• Action item: Starting from the line that holds "BANDEJA MAGIC TRAY", output exactly each line through the end of the listing. Do not copy pictures.

• Information provided:

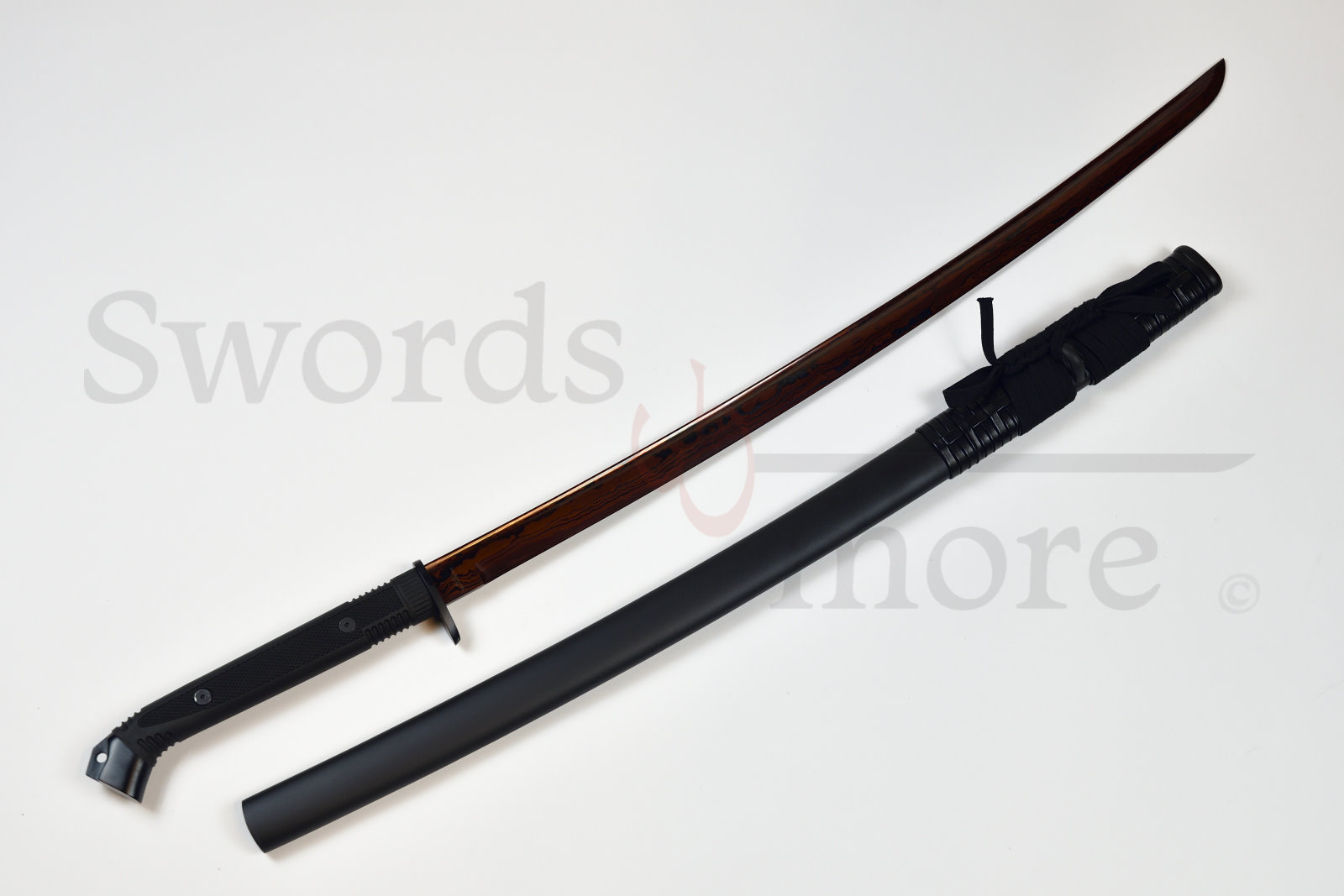 Honshu Boshin Schwarzes Damaszener-Katana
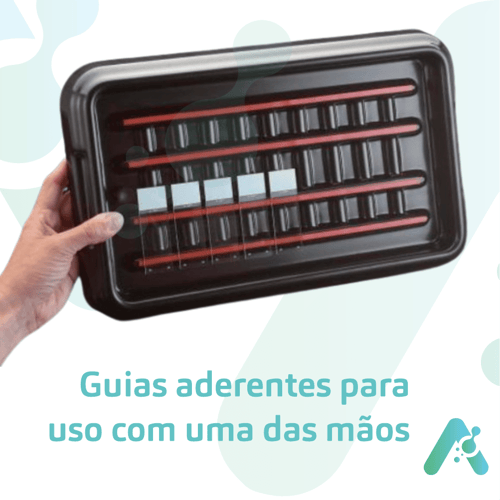 BANDEJA MAGIC TRAY GUIAS AREDERENTES APTA BIOTECH
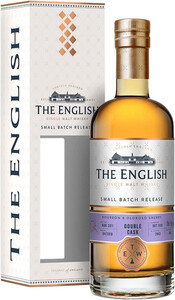 Виски English Whisky, Small Batch Release Double Cask Bourbon & Oloroso Sherry, gift box, 0.7 л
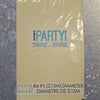 Tablecover Round - Ivory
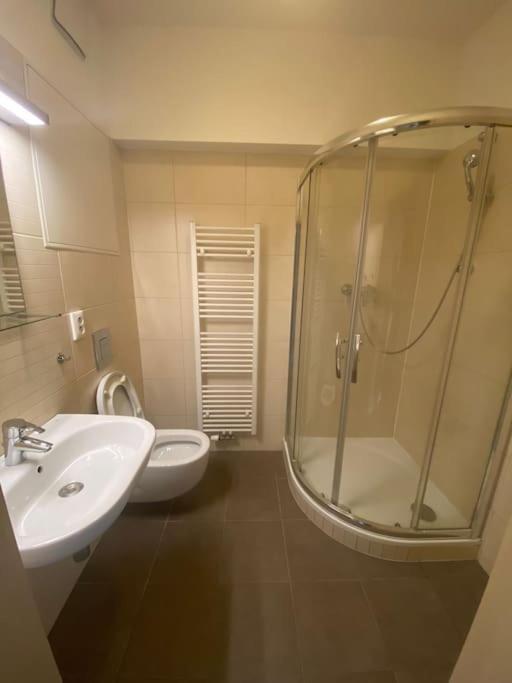 Garden Apartment Karolina Острава Экстерьер фото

• Exercise solution:
 BANDEJA MAGIC TRAY GUIAS AREDERENTES APTA BIOTECH
 Виски English Whisky, Small Batch Release Double Cask Bourbon & Oloroso Sherry, gift box, 0.7 л
 Tablecover Round - Ivory
 Garden Apartment Karolina Острава Экстерьер фото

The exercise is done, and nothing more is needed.